Homozygous variants in the HEXB and MBOAT7 genes underlie neurological diseases in consanguineous families

Abstract

Background: Neurological disorders are a common cause of morbidity and mortality within Pakistani populations. It is one of the most important challenges in healthcare, with significant life-long socio-economic burden. Methods: We investigated the cause of disease in three Pakistani families in individuals with unexplained autosomal recessive neurological conditions, using both genome-wide SNP mapping and whole exome sequencing (WES) of affected individuals. Results: We identified a homozygous splice site variant (NM-000521:c.445 + 1G > T) in the hexosaminidase B (HEXB) gene confirming a diagnosis of Sandhoff disease (SD; type II GM2-gangliosidosis), an autosomal recessive lysosomal storage disorder caused by deficiency of hexosaminidases in a single family. In two further unrelated families, we identified a homozygous frameshift variant (NM-024298.3:c.758-778del; p.Glu253-Ala259del) in membrane-bound O-acyltransferase family member 7 (MBOAT7) as the likely cause of disease.

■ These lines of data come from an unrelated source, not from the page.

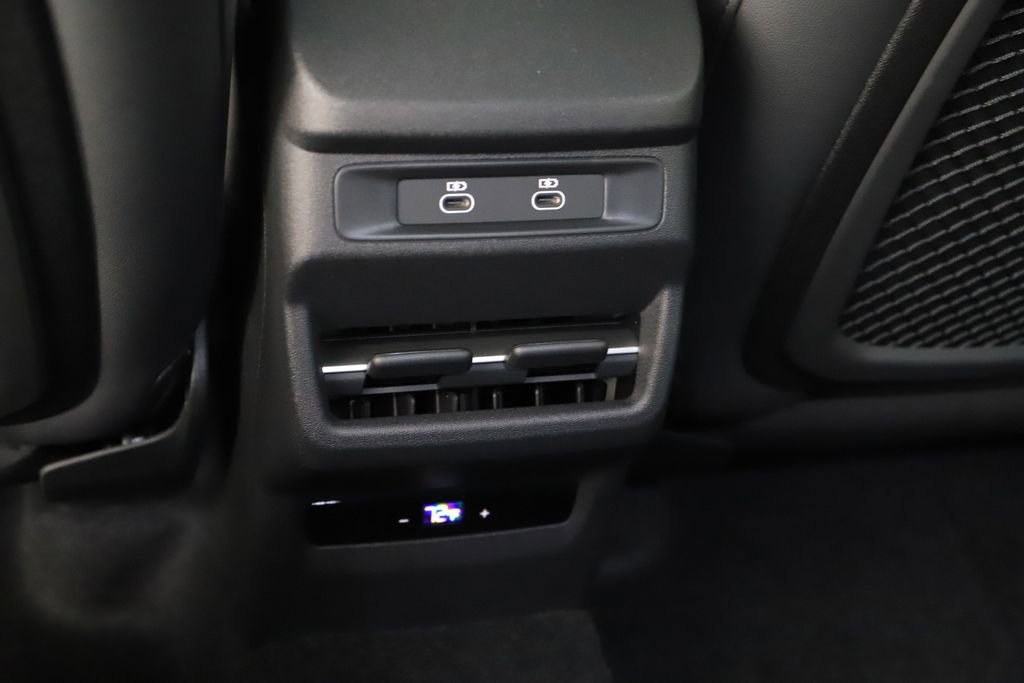 New 2026 Audi Q3 quattro 2.0T AWD/4WD image 21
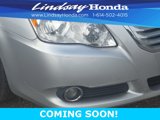 Used 2010 Toyota Avalon XLS image 2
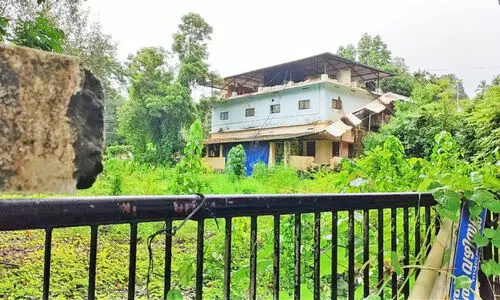 കെട്ടിടം പൊളിച്ചിട്ട് മാസങ്ങൾ; പേരാവൂർ താലൂക്കാശുപത്രി നിർമാണം നീളുന്നു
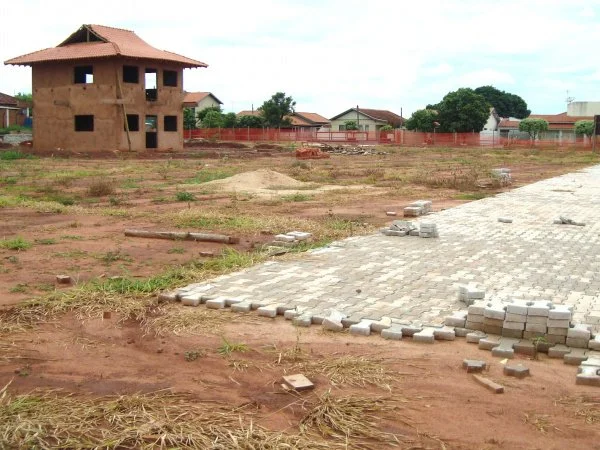 Praça do Cinquentenário que está sendo construída em Glória de Dourados com emenda de Geraldo Resende (Foto: Ronney Minella)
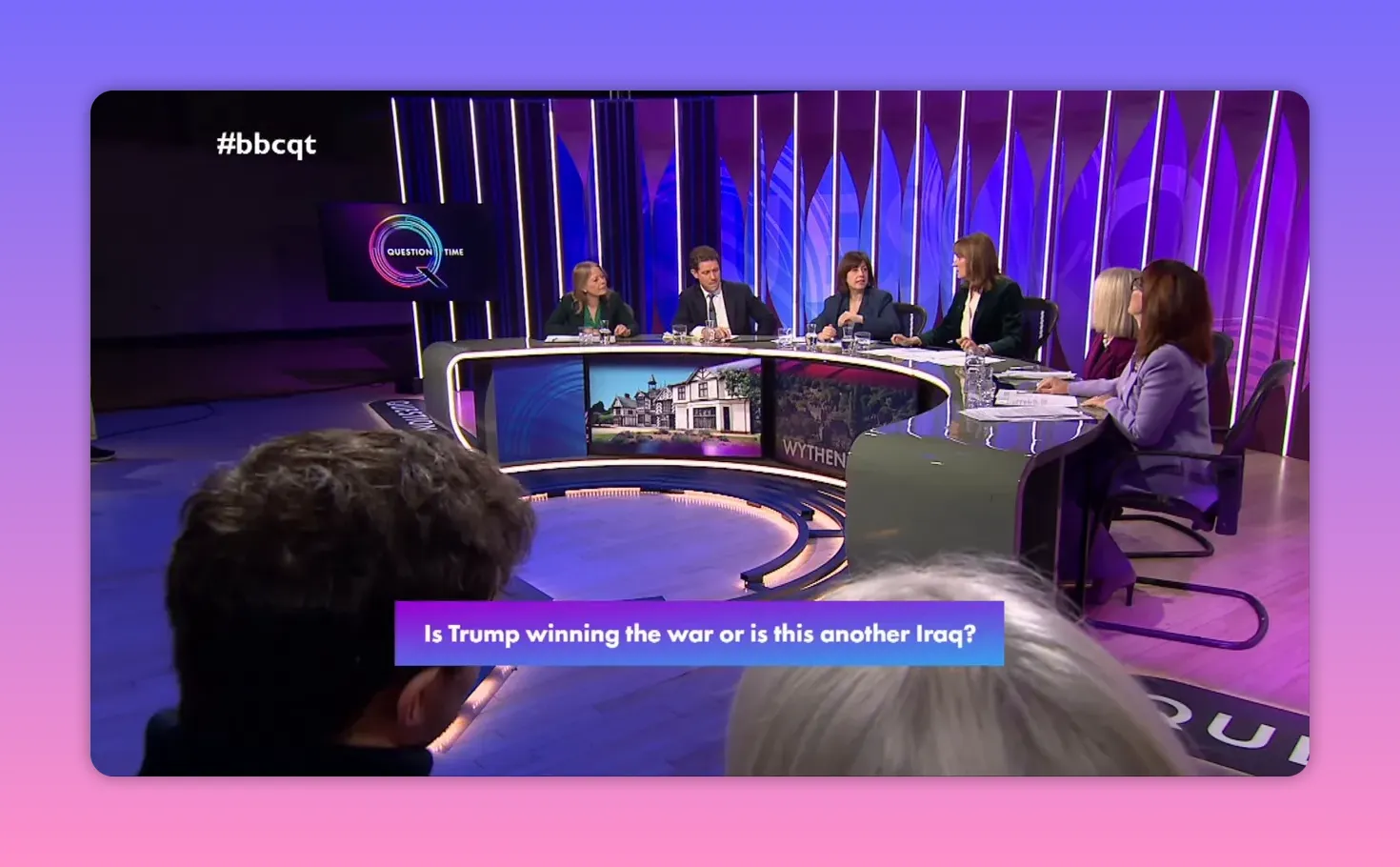 Large plan du plateau de discussion montrant les panélistes et le public, texte à l'écran sur la comparaison avec l'Irak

MBOAT7 gene variants have recently been identified as a cause of intellectual disability (ID), seizures and autistic features. Conclusions: We identified two metabolic disorders of lipid biosynthesis within three Pakistani families presenting with undiagnosed neurodevelopmental conditions. These findings enabled an accurate neurological disease diagnosis to be provided for these families, facilitating disease management and genetic counselling within this population. This study consolidates variation within MBOAT7 as a cause of neurodevelopmental disorder, broadens knowledge of the clinical outcomes associated with MBOAT7-related disorder, and confirms the likely presence of a regionally prevalent founder variant (c.758-778del; p.Glu253-Ala259del) in Pakistan.